In the next few pages it will be elaborated how collected data has brought about the organizational change model. Quotes of respondents will be used to clarify statements and various real life cases of more abstract phenomena will be discussed. Also external factors and mechanisms that have driven the process will be discussed next to the relation of parts of the model with one another.

4.1.1. Perceiving need for organizational change

Perceiving need for change has appeared in more forms than expected. Respondents talked about critical events that have made them believe that change was needed. These events shape a sub-process in which need for organizational change originates and is translated to a perception of disconfirmation on an organizational level. It was expected that need for change would be primarily driven by financial distress caused by subsidy cuts. Need for change is, however, also caused by problems with non-financial governmental support and a lack of public support. Museums were also struggling with recognition of their value as an institute.
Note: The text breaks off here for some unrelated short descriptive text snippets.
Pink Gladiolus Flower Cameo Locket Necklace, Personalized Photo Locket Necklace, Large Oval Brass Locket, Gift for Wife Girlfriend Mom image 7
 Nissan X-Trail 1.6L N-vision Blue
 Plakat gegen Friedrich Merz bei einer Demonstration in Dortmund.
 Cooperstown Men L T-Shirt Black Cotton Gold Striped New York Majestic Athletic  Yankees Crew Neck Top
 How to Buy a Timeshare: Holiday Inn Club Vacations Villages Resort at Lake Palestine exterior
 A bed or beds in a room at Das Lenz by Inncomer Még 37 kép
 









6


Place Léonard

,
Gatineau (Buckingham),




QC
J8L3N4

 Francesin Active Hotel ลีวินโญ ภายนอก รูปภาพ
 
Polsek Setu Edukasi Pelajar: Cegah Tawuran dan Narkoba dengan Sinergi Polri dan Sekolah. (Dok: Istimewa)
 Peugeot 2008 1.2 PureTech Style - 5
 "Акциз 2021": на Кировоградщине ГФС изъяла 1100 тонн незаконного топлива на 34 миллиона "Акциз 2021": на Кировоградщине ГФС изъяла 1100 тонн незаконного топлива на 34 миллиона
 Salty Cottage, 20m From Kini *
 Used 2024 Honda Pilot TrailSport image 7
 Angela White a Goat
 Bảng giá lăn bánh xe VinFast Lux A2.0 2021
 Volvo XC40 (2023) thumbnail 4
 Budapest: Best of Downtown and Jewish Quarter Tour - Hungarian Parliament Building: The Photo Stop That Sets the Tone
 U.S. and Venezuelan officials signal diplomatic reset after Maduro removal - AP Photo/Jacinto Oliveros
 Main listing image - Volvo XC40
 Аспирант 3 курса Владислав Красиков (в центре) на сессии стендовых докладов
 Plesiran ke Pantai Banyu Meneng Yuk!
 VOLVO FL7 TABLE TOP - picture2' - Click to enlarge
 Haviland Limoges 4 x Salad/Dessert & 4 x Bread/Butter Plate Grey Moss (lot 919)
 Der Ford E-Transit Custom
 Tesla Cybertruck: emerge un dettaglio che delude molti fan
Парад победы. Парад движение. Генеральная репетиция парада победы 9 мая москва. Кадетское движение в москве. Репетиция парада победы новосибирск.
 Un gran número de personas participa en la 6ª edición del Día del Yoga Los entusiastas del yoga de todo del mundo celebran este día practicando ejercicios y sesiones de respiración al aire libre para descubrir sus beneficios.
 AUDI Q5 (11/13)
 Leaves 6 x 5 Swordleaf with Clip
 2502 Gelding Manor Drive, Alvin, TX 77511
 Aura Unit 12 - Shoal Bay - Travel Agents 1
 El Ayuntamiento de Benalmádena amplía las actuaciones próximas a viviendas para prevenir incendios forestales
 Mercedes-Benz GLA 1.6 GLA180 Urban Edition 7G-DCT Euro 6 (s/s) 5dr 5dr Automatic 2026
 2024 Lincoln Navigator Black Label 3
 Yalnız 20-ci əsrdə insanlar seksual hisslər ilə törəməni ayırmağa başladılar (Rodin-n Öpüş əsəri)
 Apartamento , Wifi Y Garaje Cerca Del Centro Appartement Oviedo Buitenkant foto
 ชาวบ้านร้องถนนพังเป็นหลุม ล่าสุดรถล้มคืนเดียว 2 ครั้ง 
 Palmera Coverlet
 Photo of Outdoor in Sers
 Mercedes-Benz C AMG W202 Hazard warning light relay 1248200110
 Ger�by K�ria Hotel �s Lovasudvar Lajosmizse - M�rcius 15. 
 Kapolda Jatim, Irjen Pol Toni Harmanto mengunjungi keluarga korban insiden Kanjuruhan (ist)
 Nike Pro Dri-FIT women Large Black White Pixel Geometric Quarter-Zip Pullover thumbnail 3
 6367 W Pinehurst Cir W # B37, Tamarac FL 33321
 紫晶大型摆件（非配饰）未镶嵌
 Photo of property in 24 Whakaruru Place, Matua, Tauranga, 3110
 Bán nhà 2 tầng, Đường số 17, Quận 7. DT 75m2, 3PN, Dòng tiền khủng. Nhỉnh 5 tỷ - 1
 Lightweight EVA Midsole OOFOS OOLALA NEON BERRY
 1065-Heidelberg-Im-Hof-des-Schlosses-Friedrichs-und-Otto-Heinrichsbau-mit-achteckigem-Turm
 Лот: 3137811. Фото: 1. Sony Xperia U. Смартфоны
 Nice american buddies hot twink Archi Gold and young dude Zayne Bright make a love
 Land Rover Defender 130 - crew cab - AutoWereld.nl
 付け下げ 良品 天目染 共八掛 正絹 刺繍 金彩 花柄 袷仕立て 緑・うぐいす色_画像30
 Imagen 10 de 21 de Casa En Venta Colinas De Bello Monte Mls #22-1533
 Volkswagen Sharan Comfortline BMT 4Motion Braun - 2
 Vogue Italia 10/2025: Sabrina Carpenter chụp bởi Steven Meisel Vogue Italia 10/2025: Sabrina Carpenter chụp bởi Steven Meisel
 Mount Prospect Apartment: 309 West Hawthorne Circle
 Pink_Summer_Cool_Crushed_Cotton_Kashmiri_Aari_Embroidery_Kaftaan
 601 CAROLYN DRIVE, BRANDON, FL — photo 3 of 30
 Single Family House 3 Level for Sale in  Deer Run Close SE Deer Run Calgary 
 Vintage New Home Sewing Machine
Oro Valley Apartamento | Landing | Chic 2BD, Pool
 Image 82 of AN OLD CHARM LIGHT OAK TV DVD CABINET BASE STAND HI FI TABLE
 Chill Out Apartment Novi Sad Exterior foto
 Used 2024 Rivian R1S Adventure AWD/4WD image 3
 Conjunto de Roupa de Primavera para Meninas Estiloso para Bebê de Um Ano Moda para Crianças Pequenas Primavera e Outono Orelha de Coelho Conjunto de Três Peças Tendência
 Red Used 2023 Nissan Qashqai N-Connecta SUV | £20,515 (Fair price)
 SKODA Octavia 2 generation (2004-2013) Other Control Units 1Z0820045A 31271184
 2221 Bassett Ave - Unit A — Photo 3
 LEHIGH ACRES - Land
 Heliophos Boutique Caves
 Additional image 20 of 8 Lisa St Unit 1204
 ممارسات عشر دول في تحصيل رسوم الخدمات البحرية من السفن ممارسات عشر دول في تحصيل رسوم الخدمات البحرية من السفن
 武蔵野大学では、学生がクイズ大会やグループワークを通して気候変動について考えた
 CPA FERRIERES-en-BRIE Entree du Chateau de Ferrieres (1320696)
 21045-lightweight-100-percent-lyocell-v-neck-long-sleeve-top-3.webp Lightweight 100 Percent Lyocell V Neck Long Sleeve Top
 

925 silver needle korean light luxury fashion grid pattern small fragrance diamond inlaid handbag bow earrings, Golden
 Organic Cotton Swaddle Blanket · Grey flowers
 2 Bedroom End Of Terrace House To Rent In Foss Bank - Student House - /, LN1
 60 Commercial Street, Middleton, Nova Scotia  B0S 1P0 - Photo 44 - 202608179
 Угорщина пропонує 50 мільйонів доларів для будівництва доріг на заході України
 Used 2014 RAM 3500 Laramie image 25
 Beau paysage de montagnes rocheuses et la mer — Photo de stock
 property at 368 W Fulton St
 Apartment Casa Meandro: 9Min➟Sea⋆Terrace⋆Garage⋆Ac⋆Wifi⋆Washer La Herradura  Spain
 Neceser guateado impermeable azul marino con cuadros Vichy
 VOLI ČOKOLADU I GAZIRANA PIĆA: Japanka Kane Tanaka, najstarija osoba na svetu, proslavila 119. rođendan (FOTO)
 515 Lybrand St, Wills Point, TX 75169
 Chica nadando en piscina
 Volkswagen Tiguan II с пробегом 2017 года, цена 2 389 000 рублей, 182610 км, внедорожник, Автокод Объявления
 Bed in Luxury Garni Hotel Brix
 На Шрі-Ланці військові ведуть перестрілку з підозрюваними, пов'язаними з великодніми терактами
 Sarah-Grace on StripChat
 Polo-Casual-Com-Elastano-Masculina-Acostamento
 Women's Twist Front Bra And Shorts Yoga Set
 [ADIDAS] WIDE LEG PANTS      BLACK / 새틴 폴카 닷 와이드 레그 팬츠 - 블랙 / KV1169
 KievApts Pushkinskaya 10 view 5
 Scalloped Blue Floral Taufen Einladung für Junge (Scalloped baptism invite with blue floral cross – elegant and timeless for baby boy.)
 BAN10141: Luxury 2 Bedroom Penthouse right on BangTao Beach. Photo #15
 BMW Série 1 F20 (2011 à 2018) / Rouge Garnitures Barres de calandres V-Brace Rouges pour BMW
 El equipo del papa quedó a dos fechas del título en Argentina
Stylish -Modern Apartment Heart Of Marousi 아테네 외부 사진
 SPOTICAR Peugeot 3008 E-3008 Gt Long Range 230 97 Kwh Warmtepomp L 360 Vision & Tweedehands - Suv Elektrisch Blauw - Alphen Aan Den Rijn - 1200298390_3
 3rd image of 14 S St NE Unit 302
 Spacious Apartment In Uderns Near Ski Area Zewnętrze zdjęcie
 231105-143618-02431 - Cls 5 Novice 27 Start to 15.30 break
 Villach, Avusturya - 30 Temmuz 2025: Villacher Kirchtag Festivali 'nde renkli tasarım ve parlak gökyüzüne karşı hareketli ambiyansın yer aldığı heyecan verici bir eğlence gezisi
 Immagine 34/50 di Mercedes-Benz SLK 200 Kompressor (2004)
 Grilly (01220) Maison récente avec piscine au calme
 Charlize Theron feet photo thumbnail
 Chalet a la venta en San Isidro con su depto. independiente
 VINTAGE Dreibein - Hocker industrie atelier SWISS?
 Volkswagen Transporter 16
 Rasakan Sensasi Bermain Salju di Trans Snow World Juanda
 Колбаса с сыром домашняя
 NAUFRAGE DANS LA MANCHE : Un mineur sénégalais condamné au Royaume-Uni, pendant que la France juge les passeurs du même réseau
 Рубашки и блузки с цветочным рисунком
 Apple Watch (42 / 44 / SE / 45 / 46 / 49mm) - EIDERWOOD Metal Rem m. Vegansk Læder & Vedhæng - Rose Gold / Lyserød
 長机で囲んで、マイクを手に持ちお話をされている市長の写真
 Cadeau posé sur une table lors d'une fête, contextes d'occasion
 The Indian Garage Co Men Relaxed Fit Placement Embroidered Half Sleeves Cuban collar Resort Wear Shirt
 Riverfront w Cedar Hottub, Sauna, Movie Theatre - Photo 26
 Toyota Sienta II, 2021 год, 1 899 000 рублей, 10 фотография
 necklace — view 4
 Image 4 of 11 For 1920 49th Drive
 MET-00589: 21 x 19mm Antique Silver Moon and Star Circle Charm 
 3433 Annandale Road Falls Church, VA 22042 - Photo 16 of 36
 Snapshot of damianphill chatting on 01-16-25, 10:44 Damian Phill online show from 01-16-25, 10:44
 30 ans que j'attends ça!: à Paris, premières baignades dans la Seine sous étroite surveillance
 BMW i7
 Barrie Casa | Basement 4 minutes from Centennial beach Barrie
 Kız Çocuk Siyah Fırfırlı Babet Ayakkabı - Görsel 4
Analysis has also revealed that some museums were coping with identity problems. It differs per museum what has driven them to change, but nevertheless change they did.

As has been said, financial distress is an important reason for museums to change. This is partly caused by subsidy cuts. It must be said, however, that in general smaller museums were struck harder by subsidy cuts (Lent & Kammer, 2016). Subsidy cuts were not the only source of financial distress. Funds have also been reduced next to help with financial matters.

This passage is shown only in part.